Media is Sending the Wrong Message about Relationships
I am a parent and a teen abuse survivor. I am concerned the unhealthy relationships portrayed in the film 50 Shades of Grey and the hit Netflix Series You are sending the wrong message to youth. These popular examples, communicate a very negative portrait of what is acceptable in a relationship and what a healthy relationship looks like. Impressionable minds watch and hear this scary behavior and believe that it is acceptable, and even normal to be in an abusive relationship or to be an abuser.
In You, the main character, Joe, develops an infatuation with a woman named Beck. He stalks her on-line and follows her to her school and home. He steals her phone in a “chance” encounter and uses it to manipulate her emotions and slowly convince her that she is falling for him. Joe justifies his actions by repeatedly saying, “See what I do for you, Beck.” He believes the horrendous acts he inflicts upon her are for her own good. Regardless, of what Beck thinks or feels, only Joe truly knows what’s best for her.

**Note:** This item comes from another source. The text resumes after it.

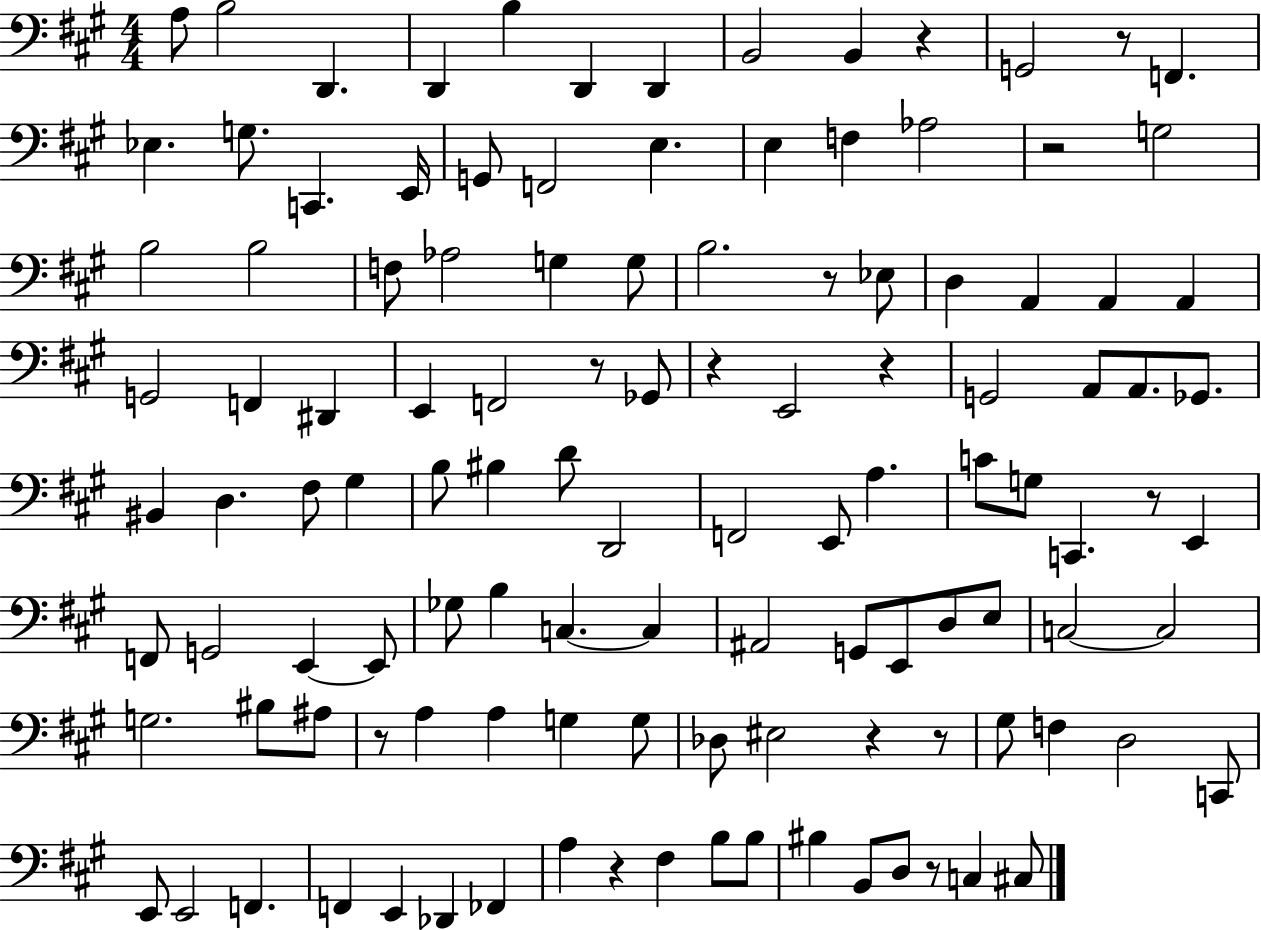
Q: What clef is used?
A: bass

It’s a dangerous message: Love makes you crazy and therefore it is acceptable to act crazy to win or keep the one you “love.”

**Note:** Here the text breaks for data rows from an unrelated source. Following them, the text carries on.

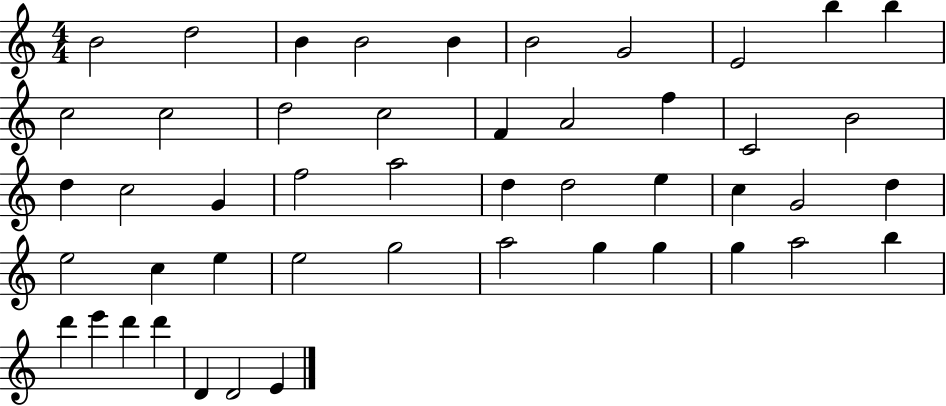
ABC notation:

X:1
T:Untitled
M:4/4
L:1/4
K:C
B2 d2 B B2 B B2 G2 E2 b b c2 c2 d2 c2 F A2 f C2 B2 d c2 G f2 a2 d d2 e c G2 d e2 c e e2 g2 a2 g g g a2 b d' e' d' d' D D2 E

In 50 Shades, there is a similar disturbing trend, even though this is promoted as an erotic book/movie series that has a happy ending. The main character in this series, Christian Grey, uses technology to track his love interest, Anastasia. He repeatedly belittles and shames her, isolates her from friends and family, controls her behavior, including her food intake, and coerces her into non-consensual sexual behavior. Yet, the audience is supposed to be happy that they end up together and that his abusive behavior lessens because he has found “the one?”

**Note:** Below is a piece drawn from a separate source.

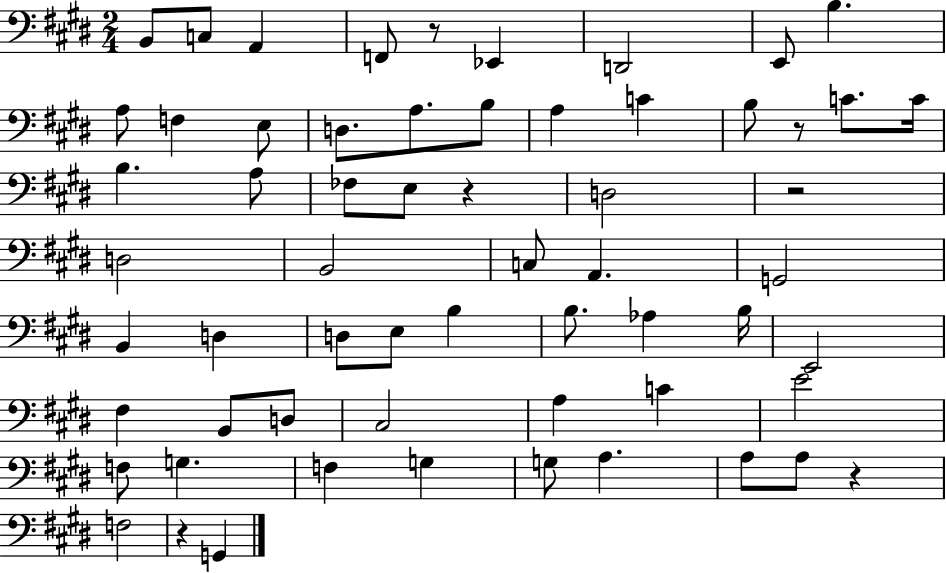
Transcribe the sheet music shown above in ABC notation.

Are these the love lessons I want my children to learn?
I think the above examples elicited such utter disgust from me because I was treated despicably by someone who said he loved me. There is nothing okay, exciting, or romantic about being treated this way.
In high school, I was in an abusive relationship. Even though it didn’t last long, the negative effects on my self-esteem and my distorted view on relationships was long lasting. My boyfriend used manipulation techniques such as sulking, name calling, shaming, isolating, and more, to control me and abuse me.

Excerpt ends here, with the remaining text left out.